Note that even if the projection \(\mathbf{r}_{t}^\top \mathbf{w}_{k}\) exceeds the threshold, the optimal amplitude is still “shrunk” by a factor of \(\lambda \sigma^2\). This is a common feature of \(\ell_1\) optimization problems; i.e., optimization problems with regularization on the \(\ell_1\) norm of the solution. The exponential prior on amplitudes induces such an optimization problem, and indeed there is a close correspondence between MAP estimation in Bayesian models with exponential priors and maximum likelihood estimation with \(\ell_1\) regularization, like the LASSO problem [Hastie et al., 2009].

The final algorithm#

Now that we have derived both updates, we can revise our final algorithm slightly:

  • repeat until convergence:

    • for \(k=1,\ldots,K\):

      • Compute the residual \(\mathbf{R} = \mathbf{X} - \sum_{j \neq k} \mathbf{w}_j \mathbf{a}_j^\top\)

      • Set \(\mathbf{w}_k \propto \mathbf{R} \mathbf{a}_k\)

      • Set \(\mathbf{a}_k = \max \{0, \, \mathbf{R}^\top \mathbf{w}_k - \lambda \sigma^2 \}\)

Note

You don’t have to recompute the residual from scratch each iteration. Just do a rank one update after each iteration.

Conclusion#

This chapter introduced the spike sorting problem for electrophysiological (“ephys”) recordings with modern tools like Neuropixels. The same strategy applies to other ephys methods, like dense multielectrode arrays.

In this first pass, we framed the problem as one of semi-non-negative matrix factorization, or semi-NMF. We took a Bayesian approach, with priors on the waveforms and amplitudes. We derived a coordinate ascent algorithm for MAP estimation and found that the updates have pleasingly simple form.
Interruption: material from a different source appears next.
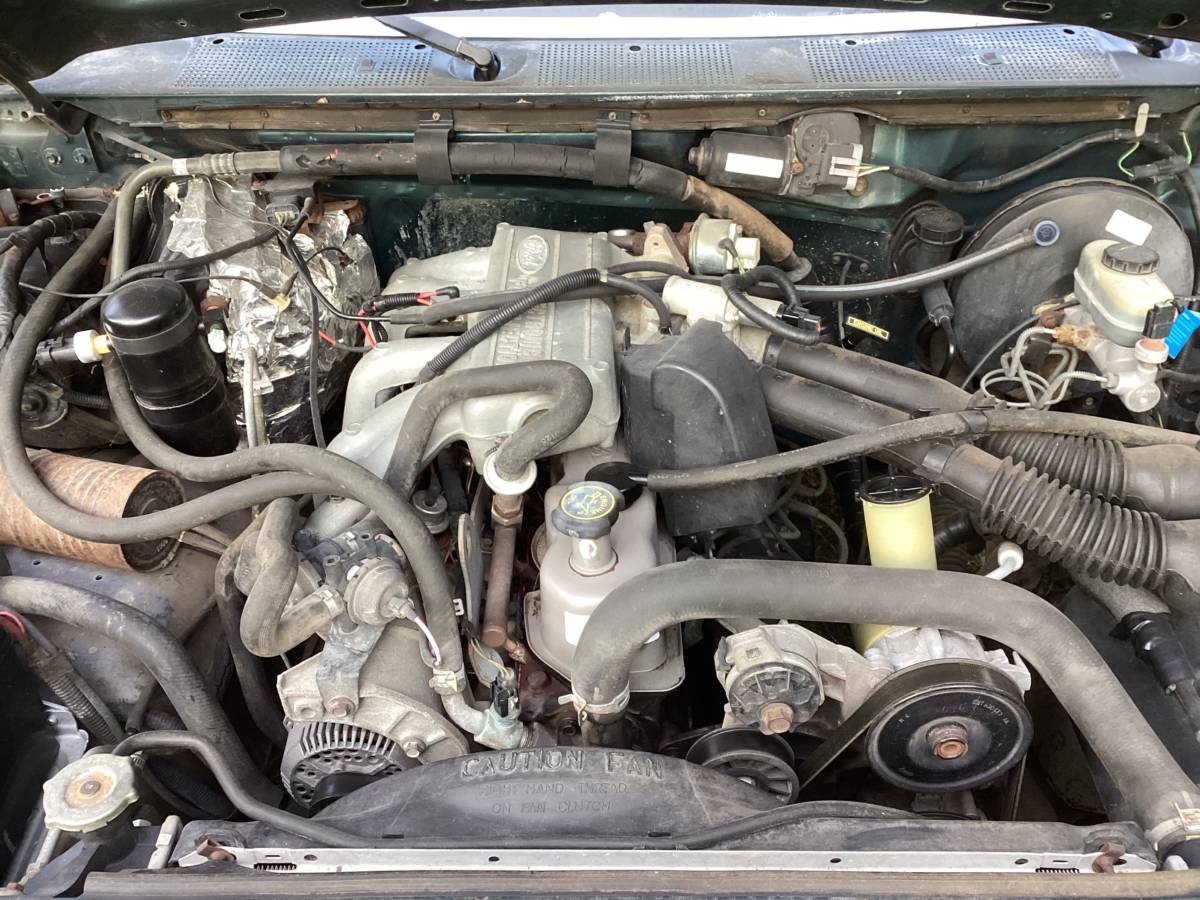 Ford-f-150-1995-green-2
However, we made an undesirable assumption in deriving this algorithm: we started by downsampling our voltage traces to the point that a spike fit within a single time bin. What is the point of recording at 30kHz if we are going to average into 2ms bins!? In the next chapter, we will relax this assumption and show how to do spike sorting with a convolutional matrix factorization model.

Further Reading#

Modeling via matrix factorization is one of those great ideas that has been discovered over and over again. In the probabilistic machine learning literature, some nice references include:

Many models are really matrix factorization in disguise. For example, latent Dirichlet allocation [Blei et al., 2003] is quite similar to NMF.

I don’t know of a reference for our specific model with norm constraints and exponential priors for spike sorting. However, it falls nicely within this broader landscape of matrix factorization methods, and it leads nicely to the model people actually use, as we’ll see next.